Member of the New Hampshire House of Representatives from the Cheshire 16 district
- In office December 2, 2020 – 2024
- Preceded by: William Pearson

Personal details
- Born: New Hampshire, U.S.
- Children: 1
- Education: Hampshire College (BA) University of Massachusetts Amherst (MEd)

= Amanda Soto =

American politician

Amanda Elizabeth Soto is an American former politician and member of the New Hampshire House of Representatives from the Cheshire 16 district from 2020 to 2024. At the time of that service, her name was Amanda Elizabeth Toll.

== Early life and education ==
Soto was born and raised in New Hampshire. She earned a Bachelor of Arts degree in political science, women's studies, and modern American history from Hampshire College and a Master of Education from the University of Massachusetts Amherst. She is Jewish.

== Career ==
Outside of politics, Soto has worked as a social studies teacher and small business-owner.

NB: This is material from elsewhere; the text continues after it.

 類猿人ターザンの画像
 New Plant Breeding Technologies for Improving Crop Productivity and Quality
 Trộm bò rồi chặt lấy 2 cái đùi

She was elected to the New Hampshire House of Representatives in 2020 and was a member of the House State-Federal Relations and Veterans Affairs Committee. In January 2022, she co-sponsored a bill that would require consent education to be a part of the curriculum in New Hampshire public schools. She was elected to the Cheshire 15 district in 2022.' She announced her retirement in 2024.